We then went off and paired with others in the cohort through some exercises: extracting the system prompt on a RAG system, and injecting a poisoned document for indirect prompt injection. It was great fun getting hands on with these attacks, knowing that there are numerous systems out there which are already vulnerable: I was reminded of last August’s Invitation is All You Need, which I found out about through Smashing Security. This outlined a proof of concept attack chain exploiting indirect prompt injection (chained with unsolicited invites being added straight to the document store, and lack of verification on actions) to cause remote action, exfiltration of sensitive data, and more.
We also discussed coding agents specifically. The main takeaway from me here is that a coding agent – running untrusted – really does have all the same permissions that malware running on the machine could have. I’ve been running in approval-required modes so far, but it really does make me think I should try free tool use in an appropriately sandboxed environment (with some oversight).
AI Control
AI control covers techniques that allow us to use untrusted models – models with strong capabilities that could carry out undesirable actions (“misaligned”) – by putting them in settings where we have some monitoring tools (human time; previous less capable models). A control protocol outlines how we make use of these resources (e.g. review the first x% of responses; use the trusted model to flag malicious response; use the trusted model to correct the malicious response; go back and resample the untrusted output at a point before the malicious chain began) to deploy the potentially-unsafe model in a way that meets our safety requirements.
The goal of control research is to push out the Pareto frontier, finding control protocols which get better usefulness (false positive rate; safe responses that are denied) for a given safety tolerance (false negative rate; dangerous responses that are approved) and monitoring budget.

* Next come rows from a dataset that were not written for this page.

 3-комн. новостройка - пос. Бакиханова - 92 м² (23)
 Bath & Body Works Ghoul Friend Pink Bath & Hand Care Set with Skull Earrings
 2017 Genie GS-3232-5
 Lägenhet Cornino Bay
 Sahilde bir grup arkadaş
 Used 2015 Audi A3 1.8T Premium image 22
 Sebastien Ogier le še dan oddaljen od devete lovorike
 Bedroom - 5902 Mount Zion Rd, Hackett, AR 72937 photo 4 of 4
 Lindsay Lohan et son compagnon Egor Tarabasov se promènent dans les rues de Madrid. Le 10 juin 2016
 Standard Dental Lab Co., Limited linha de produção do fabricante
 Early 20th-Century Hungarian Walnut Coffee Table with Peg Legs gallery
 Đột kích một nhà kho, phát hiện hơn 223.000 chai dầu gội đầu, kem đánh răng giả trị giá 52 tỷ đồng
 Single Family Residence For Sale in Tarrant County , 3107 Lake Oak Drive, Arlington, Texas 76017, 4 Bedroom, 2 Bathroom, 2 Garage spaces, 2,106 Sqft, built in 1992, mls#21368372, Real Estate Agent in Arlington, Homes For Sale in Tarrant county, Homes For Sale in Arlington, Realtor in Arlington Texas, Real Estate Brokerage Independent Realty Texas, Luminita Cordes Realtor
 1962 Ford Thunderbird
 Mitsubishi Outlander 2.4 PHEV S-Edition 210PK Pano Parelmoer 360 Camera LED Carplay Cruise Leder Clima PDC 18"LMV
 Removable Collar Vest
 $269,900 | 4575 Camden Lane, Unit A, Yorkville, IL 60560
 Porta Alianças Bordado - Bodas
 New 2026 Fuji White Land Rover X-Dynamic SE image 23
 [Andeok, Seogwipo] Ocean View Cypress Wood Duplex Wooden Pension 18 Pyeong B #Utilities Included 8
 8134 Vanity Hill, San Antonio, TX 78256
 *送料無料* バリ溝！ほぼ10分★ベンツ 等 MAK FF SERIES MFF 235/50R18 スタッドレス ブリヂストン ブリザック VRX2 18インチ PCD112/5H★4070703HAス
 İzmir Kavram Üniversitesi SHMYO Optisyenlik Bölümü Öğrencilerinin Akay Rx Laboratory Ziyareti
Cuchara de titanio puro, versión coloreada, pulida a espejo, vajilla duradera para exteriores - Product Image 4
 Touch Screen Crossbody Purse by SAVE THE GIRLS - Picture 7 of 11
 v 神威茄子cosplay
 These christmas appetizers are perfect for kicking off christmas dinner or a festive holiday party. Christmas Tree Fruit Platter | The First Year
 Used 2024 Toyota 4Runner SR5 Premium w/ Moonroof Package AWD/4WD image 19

More than anything, this reminded me of previous systems I’ve worked on where AI system output could result in harm, and the monitoring effort surrounding that – control protocols feel very transferable to these situations, with the “side task” being generalisable to any undesirable harmful action.
Control was framed as an alternative to solving AI alignment. I’m personally skeptical we’ll ever be able to make aligned AI given humanity can’t even align on what is desirable, so control therefore appeals a lot to me as a paradigm which both leads to concrete useful results now, and one that can scale to buy us time to solve harder problems with the better tools that will follow.
For this section, I then worked solo on the exercises, producing a monitor prompt, then an attacker prompt which my monitor would reliably fall for (even scoring backdoored examples as less suspicious than honest ones)!
Adding Chain of Thought to the monitor gave significantly better performance, especially after modifying the monitor prompt to pay more attention to it (under the assumption – currently true as best we can tell and under heavy scrutiny – that the attacker can’t reliably solve the problem without including some trace in the chain of thought, even for untrusted models, noting that if we trust the experimental setup of the untrusted model we can have more confidence in the CoT).
Others in the cohort spun up optimisation loops, getting monitor prompts which performed at over 80% accuracy on the sample set. I found the adversarial problem setup here really fascinating, as I suspect these optimised monitors will overfit to the indicators of malice for the specific attack case used for the test set: it’d be interesting to play off optimisers for the monitor and attack systems against one another across multiple runs, and see what the best solutions are across the problem space (how well would an adversarially-optimised monitor perform against attackers which were adversarially-optimised against a different monitor? how well do the optimised prompts transfer across models?).
After the bootcamp
While others went out to explore Singapore, I headed straight back to the hotel and was asleep within the hour to go watch the sun rise tomorrow morning… I then wrote this post after waking up in the middle of the night.